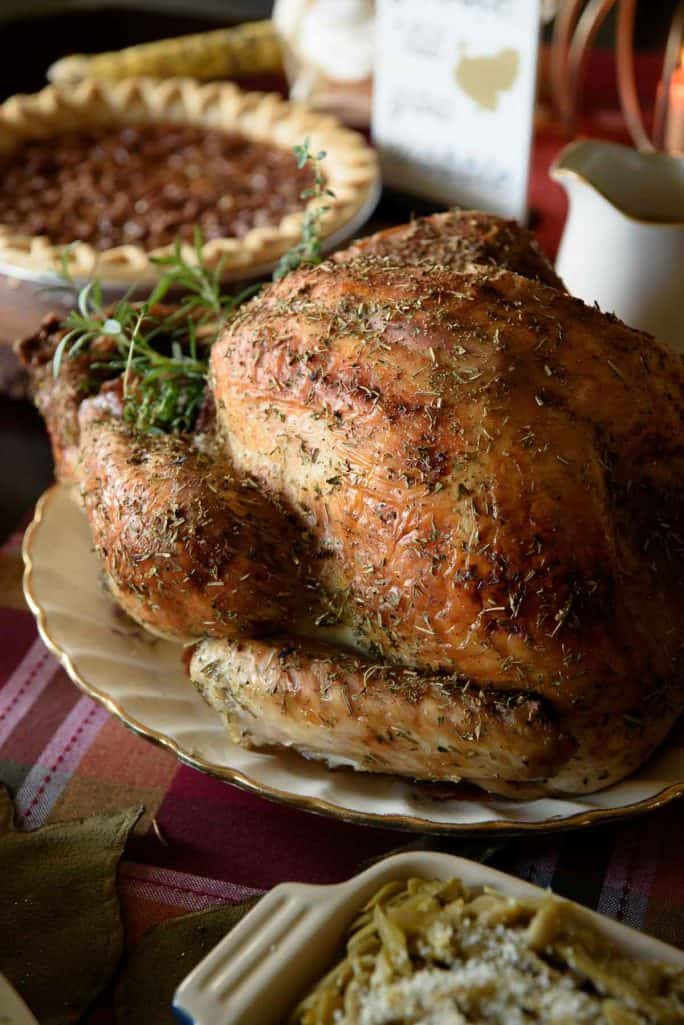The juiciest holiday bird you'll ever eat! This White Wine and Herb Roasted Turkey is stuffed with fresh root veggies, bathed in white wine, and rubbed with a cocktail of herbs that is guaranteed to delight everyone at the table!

---

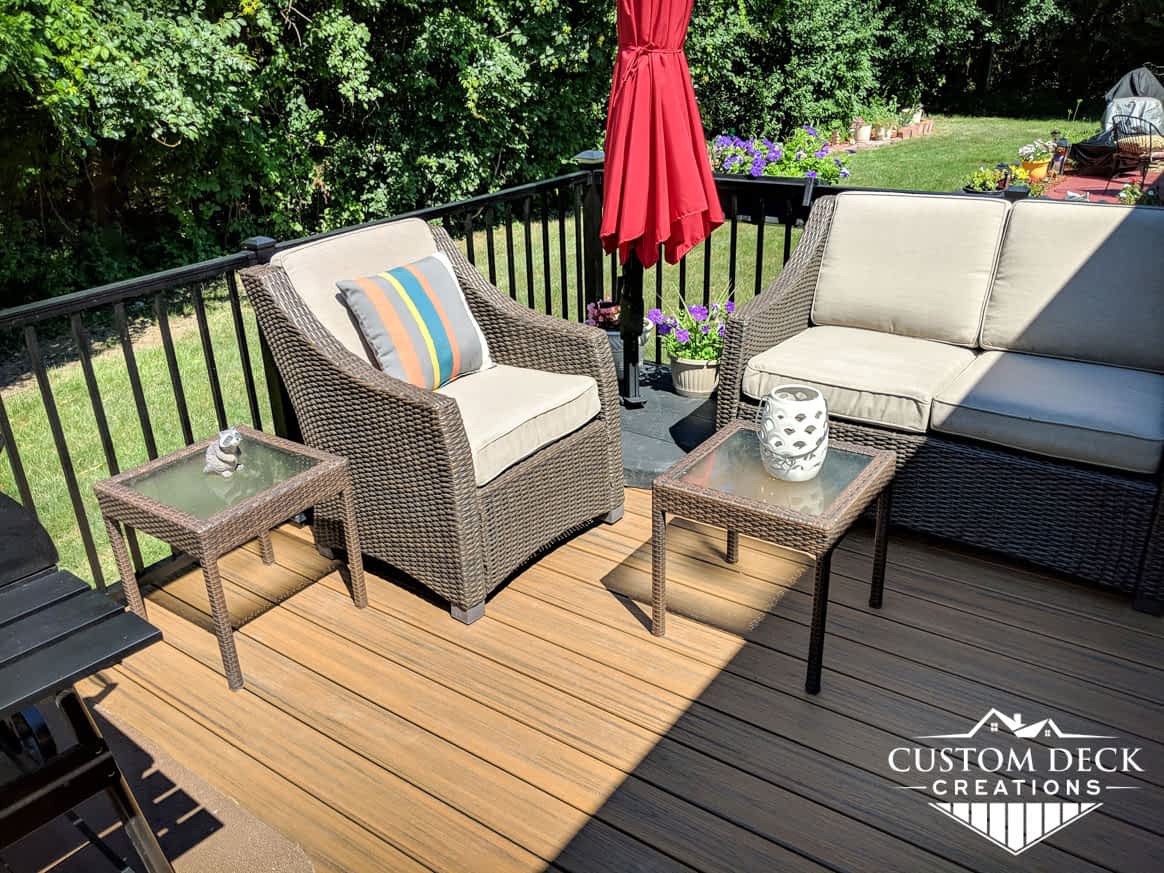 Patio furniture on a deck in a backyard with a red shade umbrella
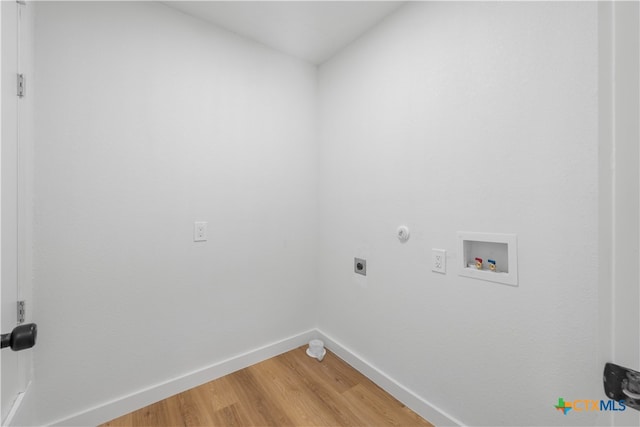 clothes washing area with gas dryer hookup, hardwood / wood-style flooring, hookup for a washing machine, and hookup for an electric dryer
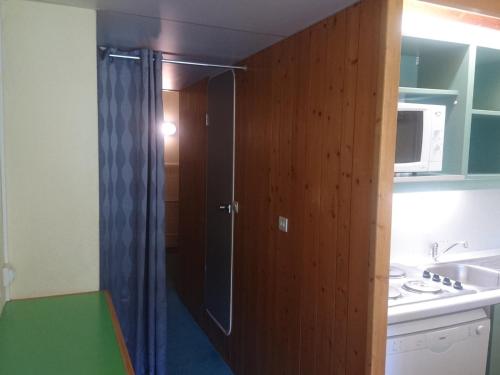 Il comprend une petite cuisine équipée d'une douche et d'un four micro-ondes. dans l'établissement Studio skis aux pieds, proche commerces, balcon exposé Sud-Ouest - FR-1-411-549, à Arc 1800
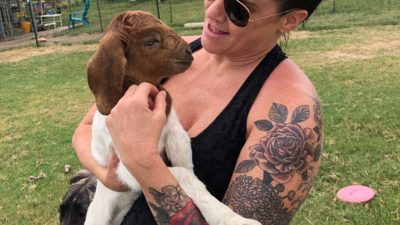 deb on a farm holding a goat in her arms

...

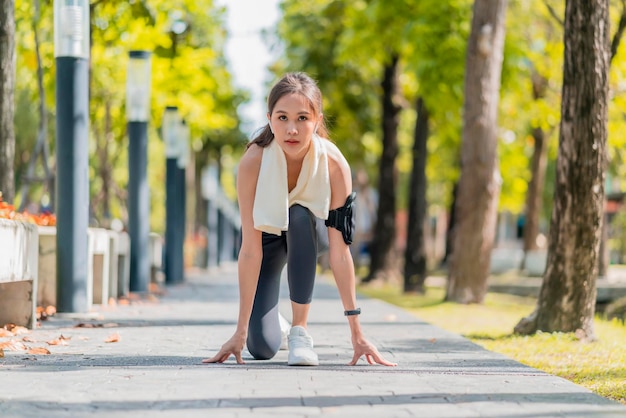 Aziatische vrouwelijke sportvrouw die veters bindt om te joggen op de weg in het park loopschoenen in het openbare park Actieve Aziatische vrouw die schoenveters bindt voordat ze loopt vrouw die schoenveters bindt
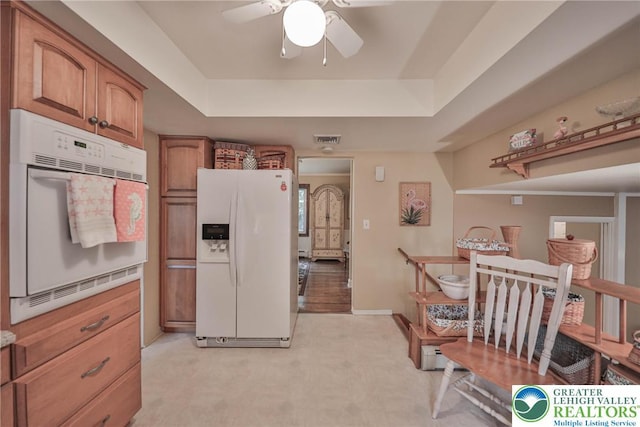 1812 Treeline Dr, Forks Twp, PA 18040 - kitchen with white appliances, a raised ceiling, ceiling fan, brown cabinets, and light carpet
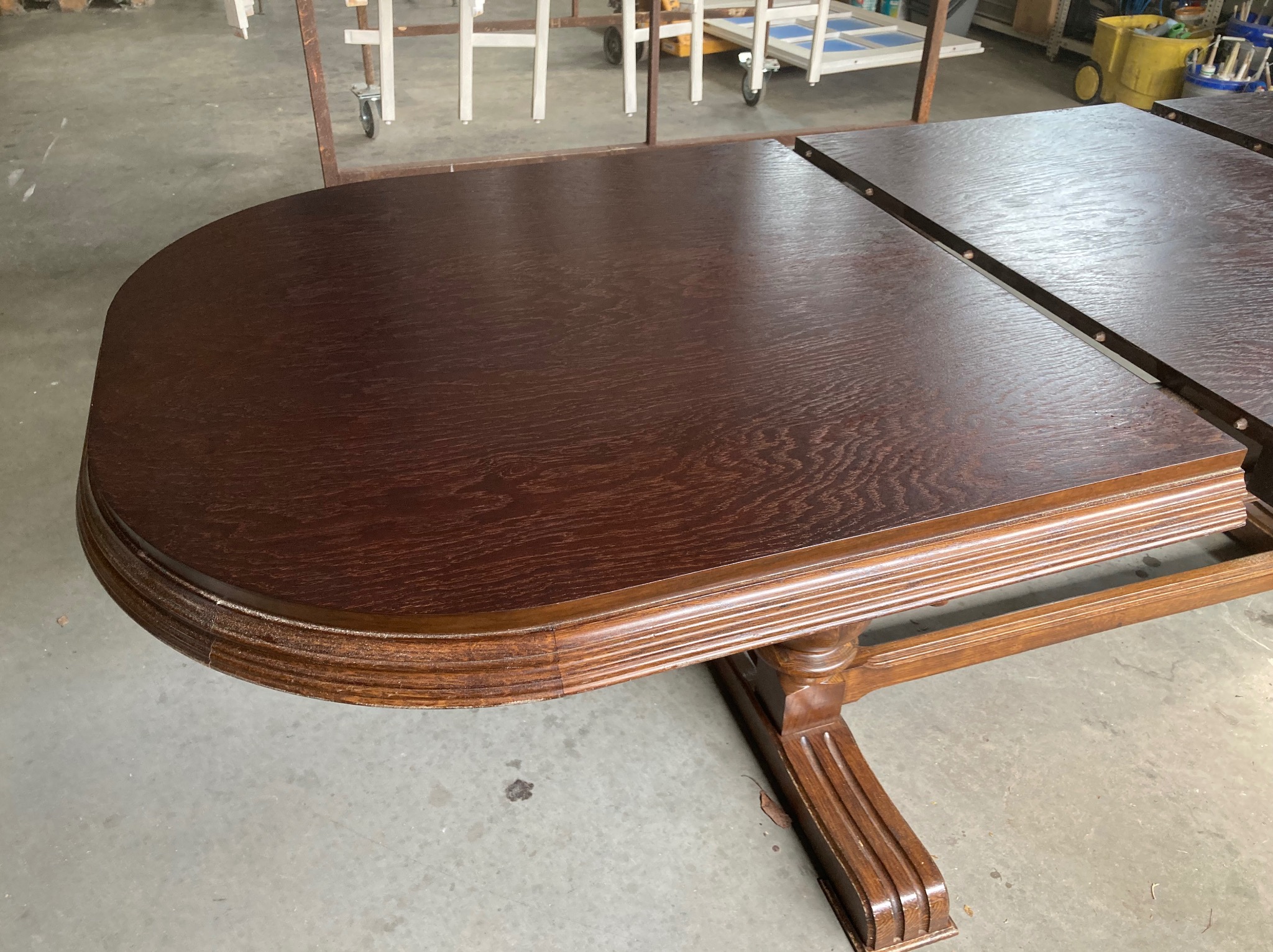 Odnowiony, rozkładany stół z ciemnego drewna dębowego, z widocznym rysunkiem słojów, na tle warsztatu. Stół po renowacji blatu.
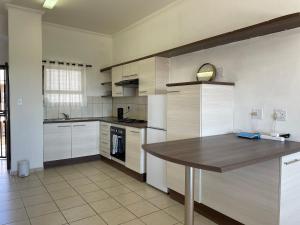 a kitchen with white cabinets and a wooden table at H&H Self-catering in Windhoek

Exercise directions :: Only the lines above from the one containing "Il comprend une" through the one containing "deb on a farm holding a goat in her arms" should be returned, verbatim and inclusive, with pictures excluded.

Your solution ::
 Il comprend une petite cuisine équipée d'une douche et d'un four micro-ondes. dans l'établissement Studio skis aux pieds, proche commerces, balcon exposé Sud-Ouest - FR-1-411-549, à Arc 1800
 deb on a farm holding a goat in her arms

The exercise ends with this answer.